It's hard to believe that the infamous radio-escapade to Baghdad's Green Zone was only last July. Seems like a million years ago.

If that isn't enough to tickle the funny bone, you can always cue up this oldy-but-goody from March 16, 2003:

MR. RUSSERT: The army's top general said that we would have to have several hundred thousand troops there for several years in order to maintain stability.

VICE PRES. CHENEY: I disagree. To suggest that we need several hundred thousand troops there after military operations cease, after the conflict ends, I don't think is accurate. I think that's an overstatement.

Bwwaaaaaaahhhhhhhh!!!!!

Meanwhile on Fox's Beltway Boys, Mort and Fred were left whining today that Democrats "want to see us fail in Iraq."

Now, if your occupation is going swimmingly, my bet is you aren't going to be making statements like that. So that probably tells you all you need to know about our "success" in Iraq. And as the condition deteriorates there, we can expect the "blame the left" chorus to elevate.

Then again, for some people, the mosque bombing and subsequent rioting and assassinations last week actually indicate Bush's strategery is working.

Brave New Year

It wasn't long ago that the media was pronouncing Bush's bad 2005 a thing of the past and prognosticating a brighter year in 2006.
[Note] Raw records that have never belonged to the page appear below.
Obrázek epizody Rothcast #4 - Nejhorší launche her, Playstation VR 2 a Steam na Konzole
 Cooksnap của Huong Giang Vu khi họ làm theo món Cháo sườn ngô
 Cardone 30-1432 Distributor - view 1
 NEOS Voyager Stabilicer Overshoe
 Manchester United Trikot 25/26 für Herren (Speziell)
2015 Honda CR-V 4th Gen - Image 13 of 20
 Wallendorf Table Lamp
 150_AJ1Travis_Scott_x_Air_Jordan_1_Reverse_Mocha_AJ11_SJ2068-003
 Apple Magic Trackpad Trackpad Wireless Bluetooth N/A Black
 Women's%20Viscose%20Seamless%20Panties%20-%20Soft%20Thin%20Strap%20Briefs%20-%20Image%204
So how's that working out?

And, geez, I know it's NewsMax and Dick Morris, but good gosh, man:

Katrina has the capacity to shape the second Bush term in the same way Sept. 11 shaped his first term — not only in rebuilding New Orleans but in taking preventative steps around the nation to bolster our defenses against natural and manmade disasters and terror strikes. Responding to disasters is a source of presidential strength and popularity, and Bush is about to show how it is done.

Update: Wouldn't you know it? The Carpetbagger was thinking just like me:

Never fear, the Bush gang said, 2006 is when everything gets back on track.

Two months in, how's that working out for the White House?

In lieu of the near identical language, I should like to point out, however, that my post came up Yesterday (02/25), and the Carpetbagger's on 02/26. True, he or she at Carpetbaggerreport writes better than me and does better research, but I still think this near simultaneous blog posting, using almost identical language, is a perfect excuse to call for another Blogger Ethics Panel.

I'm Special

You can be, too. Stop by Ciro Rodriguez's place and a drop a dollar or two in the bucket.

Friday, February 24, 2006

Is the "Port Controversy" Good for Democrats?

It's hard to understand the Bush administration's tactics here, even if the substance on the ports issue is not as dire as many in the media and party leaderships are making it out to be. Of course, I didn't and have never quite understood it's motivations in going to war in Iraq so what else is new? But the administration's baffling strategery and rhetoric is threatening to split its party, endanger its media-bestowed "national security" advantage, and thereby hand desperate Democrats a gift horse in the mouth that it would do just as well not to look at. Not surprisingly, some Democrats have jumped head first into the apparent breach, hoping to gain something from the spectacle.

While we would hate to throw the sinking Bush Administration a line, this squabble, and the Democrats' contribution to it, could have unforeseen, and negative consequences for Democrats.

For one, the media reaction I've seen is starting to remind me of the worst pandering and fear mongering we saw between 9/11 and March 2003. For liberal blogs happily linking to Lou Dobbs' rantings and railings against the administration over the past week, be careful. Dobbs is not a friend to liberalism and would just as soon stab it and us in the back as he would be to do anything.

Second, by harping on port security, Democrats run the risk of making it appear as if such a thing as total port security and total fool-proof protection against terrorist attacks exists or could be established. While it's undoubtedly true that "we could do better" on ports and in other areas of securing the homeland, it's hard to foresee the circumstances that would allow us to prevent any and all security threats.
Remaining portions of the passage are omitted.